British Protesters Aim To Get Green Day Song ‘American Idiot’ To No. 1 On Day Donald Trump Arrives In The U.K.

Trump had reportedly asked Prime Minister Theresa May to ban protests, which she denied.

British Protesters Aim To Get Green Day Song 'American Idiot' To No. 1 On Charts The Day Donald Trump Arrives
Kevin Dietsch-Pool / Getty Images

Trump had reportedly asked Prime Minister Theresa May to ban protests, which she denied.

The Green Day song “American Idiot” could be getting a second life in the U.K. thanks to Donald Trump.

This week, British protesters preparing for Trump’s first officials visit to England are leading a campaign to make the song No. 1 on the charts the day the president arrives. Initially conceived months ago when Trump’s visit was first announced, the campaign appears to be building steam and gaining plenty of support online to make it happen. The official Twitter page for the campaign has been instructing protesters to download and stream the song staring on Friday, which is the start of the week preceding Trump’s visit.

There are a number of other protests planned for when Trump arrives in the U.K., including a giant “angry baby” balloon that will fly over London when Trump makes his visit.
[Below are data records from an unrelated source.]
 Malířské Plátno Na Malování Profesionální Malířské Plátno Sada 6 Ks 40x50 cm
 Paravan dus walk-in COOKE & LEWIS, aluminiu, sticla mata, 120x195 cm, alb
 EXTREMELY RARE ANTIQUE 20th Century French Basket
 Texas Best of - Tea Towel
This comes after reports that Trump told British Prime Minister Theresa May that he would not be making a visit unless she could guarantee that there would be no protesters. As Bloomberg reported, the demand shocked May’s advisers, and May reportedly denied the request.
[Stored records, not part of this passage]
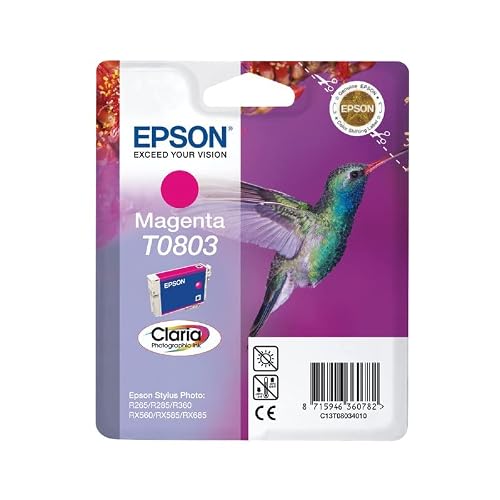 Epson T0805 Cyan original cartouche d'encre pour Stylus Photo P50 PX650 PX660 PX700 PX710 PX720 PX730 PX800 PX810 PX820 PX830 - vue 6
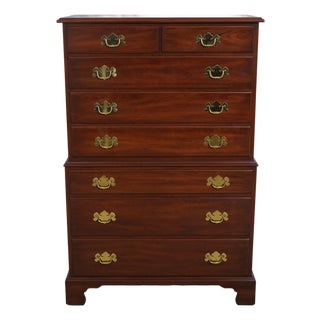 Henkel Harris Cherry Rafferty High Chest For Sale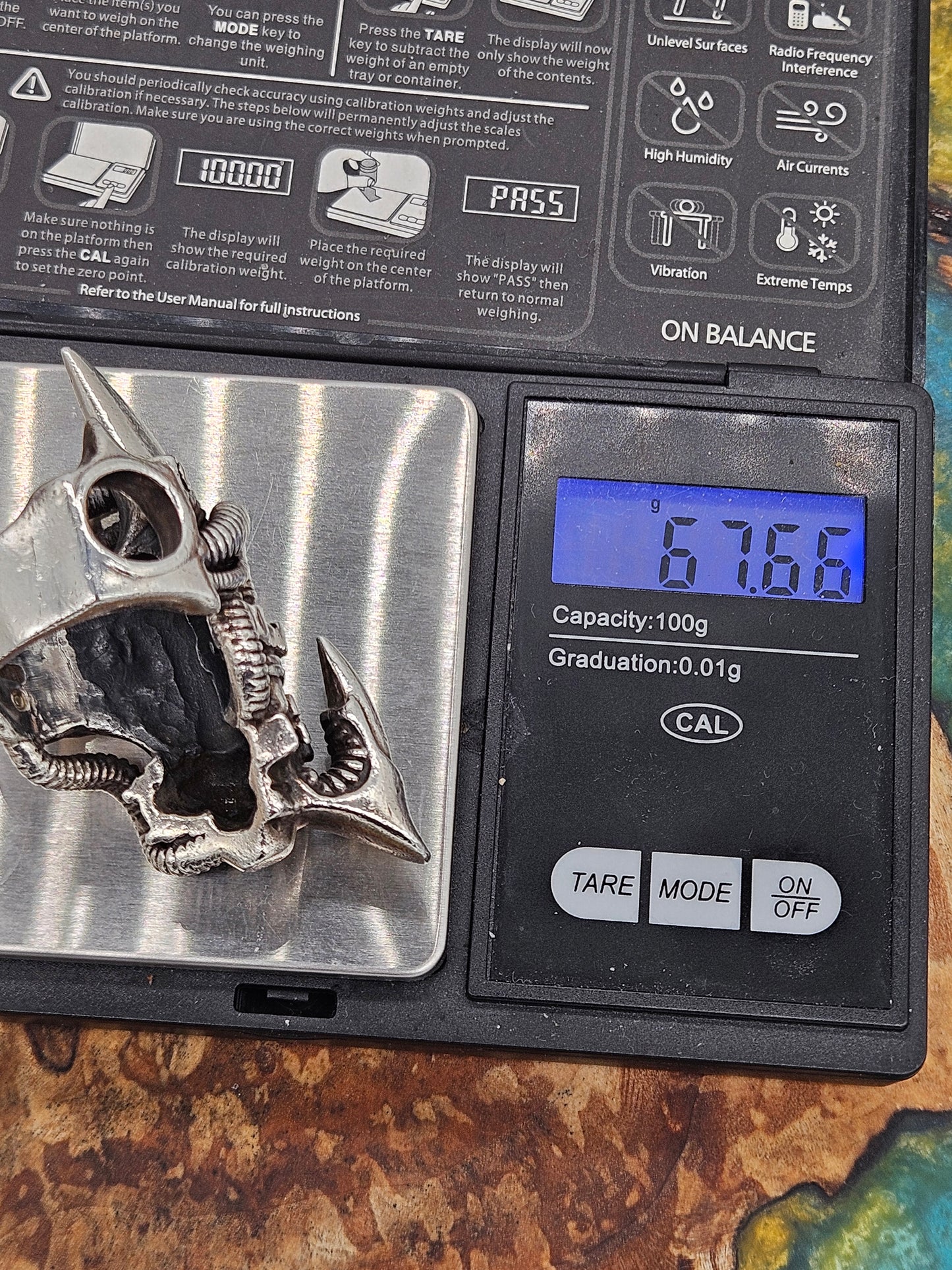 BIOMECHANICAL SILVER 925 CLAW TURBINE RING. GOTHIC. UK Size V, WILLIAM GRIFFITHS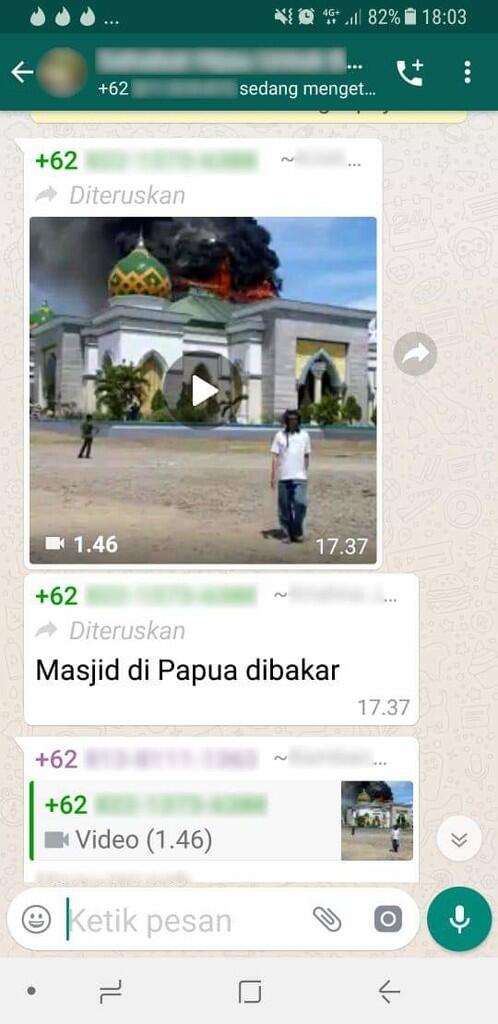 Polri: Kabar Masjid di Papua Dibakar Hoax!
“May responded to say such treatment was simply the way the British press operate, and there wasn’t much she could do,” the report noted. “In the secure bunker underneath the prime minister’s office, her advisers listened in to the call in astonishment at Trump’s demand.”

Though it wasn’t written directly for Donald Trump, there is plenty of political bend behind the 2004 song at the center of the campaign. Green Day singer and songwriter Billie Joe Armstrong said he was inspired to write the song after watching cable news coverage of the Iraq War, which he compared to reality television.

Armstrong said he felt like it was a dumbing down of Americans and wanted to speak out against it.

“In the beginning, right after 9/11 and watching the sort of tanks going into Iraq and these embedded journalists going in live, it felt like a cross between war and reality television,” Armstrong told Fresh Air host Terry Gross. “So I just felt this great sort of confusion, like, someone needs to say something…. For me, I felt this moment of rage and patriotism, I guess, if you’d want to call it that. So that wrote itself in probably 30 seconds.”

It was not clear if the campaign to get “American Idiot” to the top of the chart could gain enough steam ahead of Trump’s visit, but the idea is gaining popularity on social media with a little more than a week until Trump arrives.